BEGIN

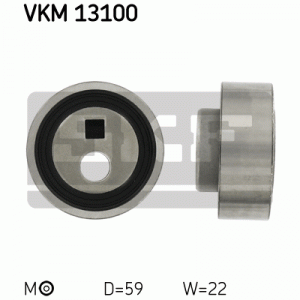 VKM 13100
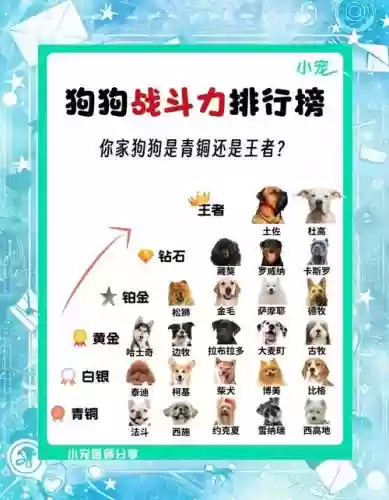 最强猛犬阵容插图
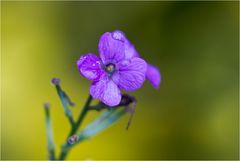 Schottische Impressionen ... (182)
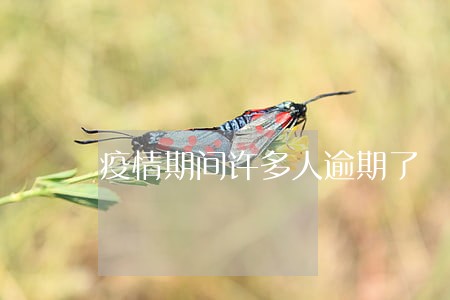 疫情期间许多人逾期了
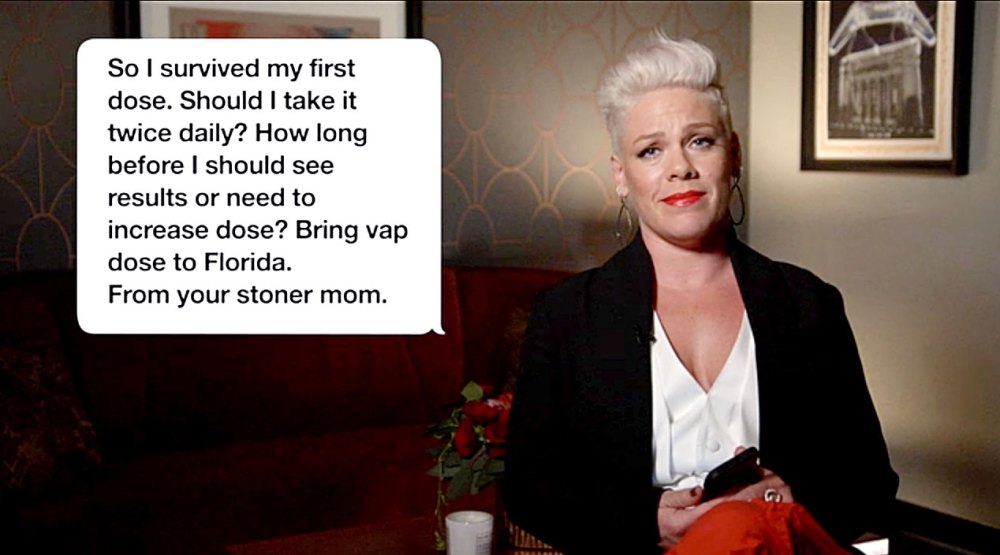 Pink Reads Hilarious Text Stoner Mom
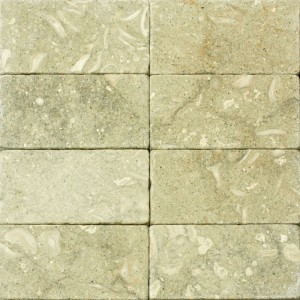 3x6 Seagrass Tumbled Limestone Tile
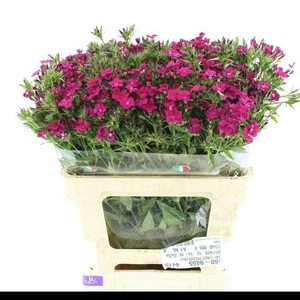 DI BARB AMAZON CHERRY
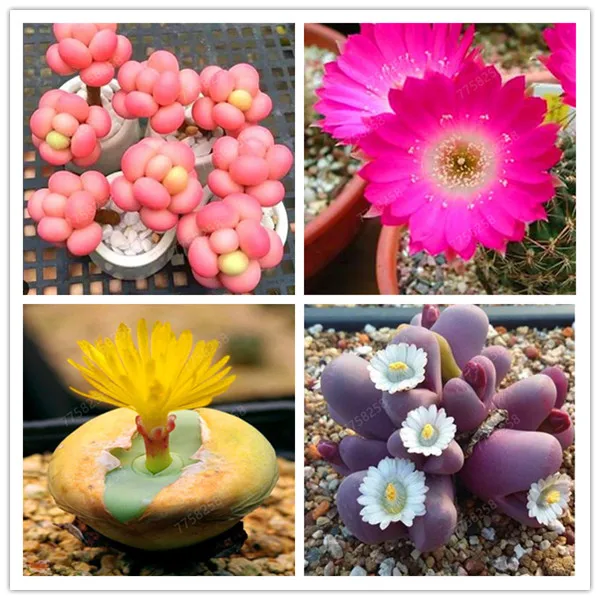 

100 Pcs Mix Rare Living Stones Mix Lithops bonsai Blooming Flower Succulent Cactus Organic Garden Bulk bonsai For Home Garden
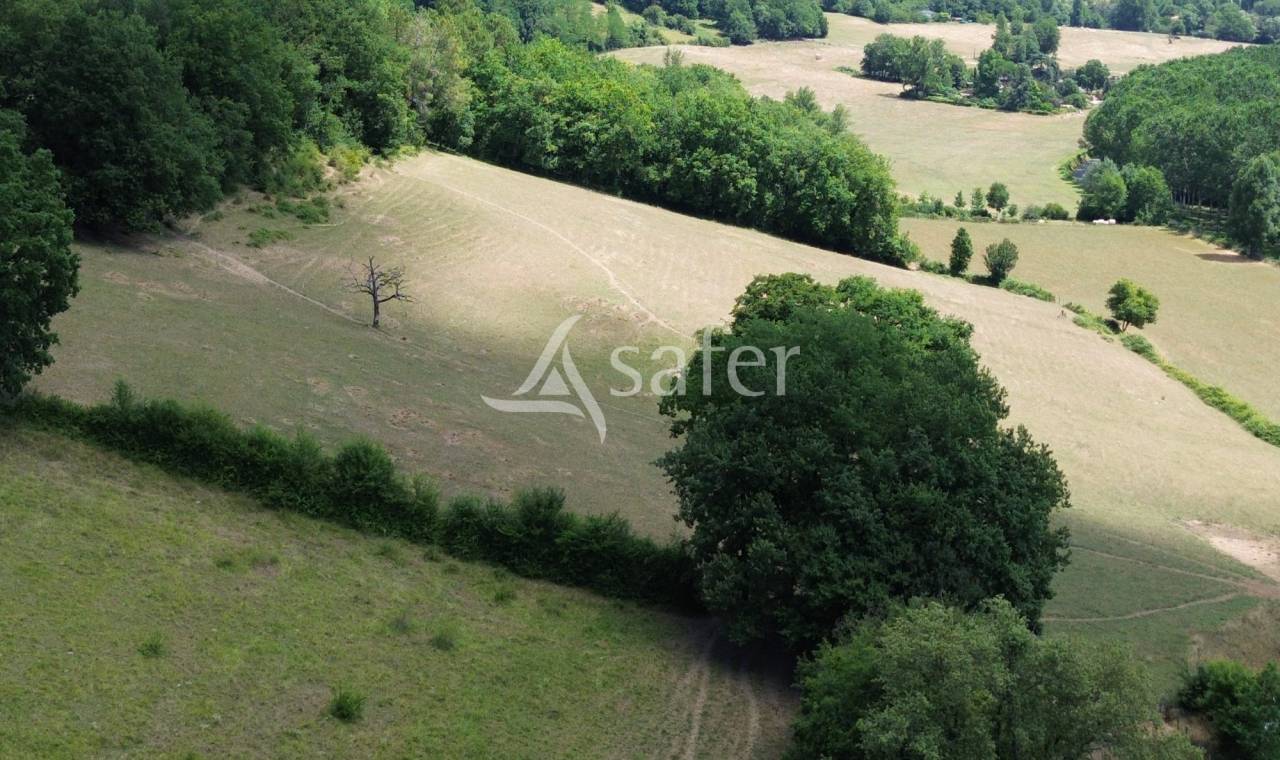 Propriété avec maison et 2 gîtes sur 12ha, sud Dordogne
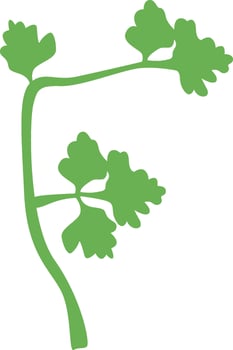 F Letter Parsley vector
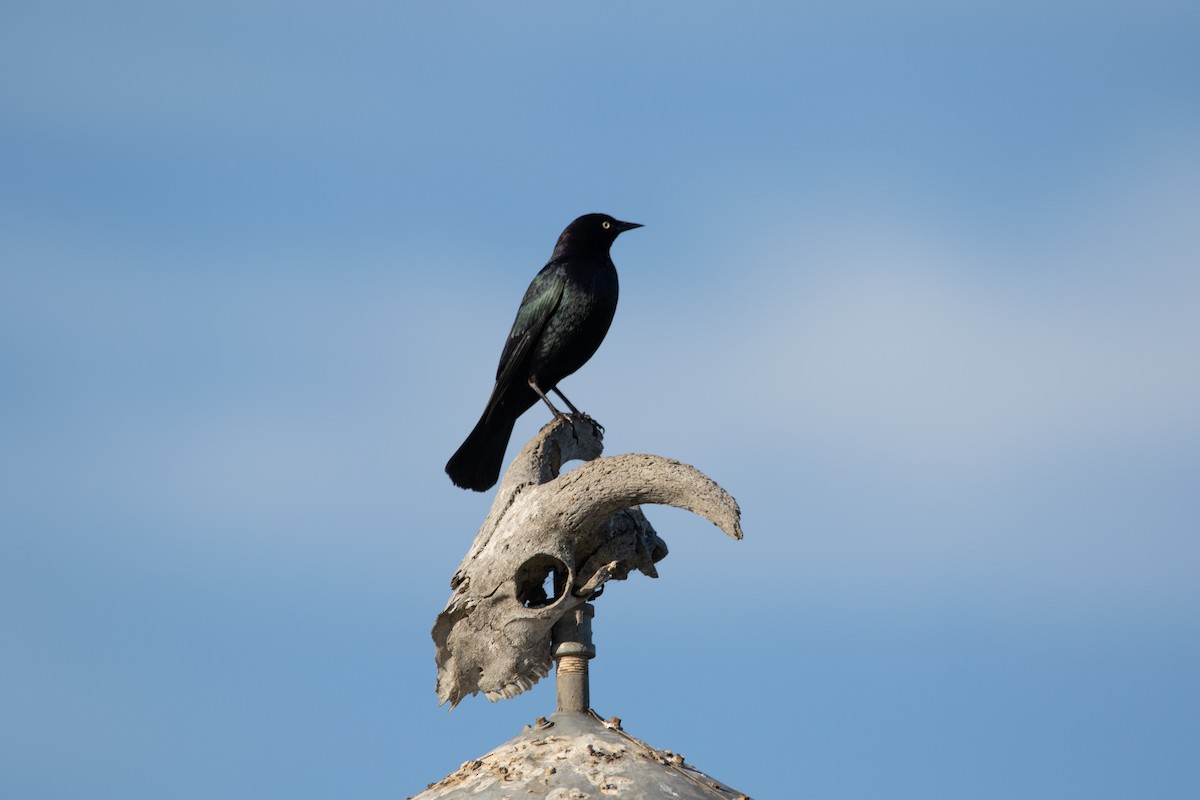 Brewer's Blackbird - ML636926203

END

WHAT YOU SHOULD DO
Write out exactly the lines beginning with the line that holds "100 Pcs Mix" and ending with the final line of the data, both ends included, without the pictures.

EXERCISE RESPONSE
100 Pcs Mix Rare Living Stones Mix Lithops bonsai Blooming Flower Succulent Cactus Organic Garden Bulk bonsai For Home Garden
 Propriété avec maison et 2 gîtes sur 12ha, sud Dordogne
 F Letter Parsley vector
 Brewer's Blackbird - ML636926203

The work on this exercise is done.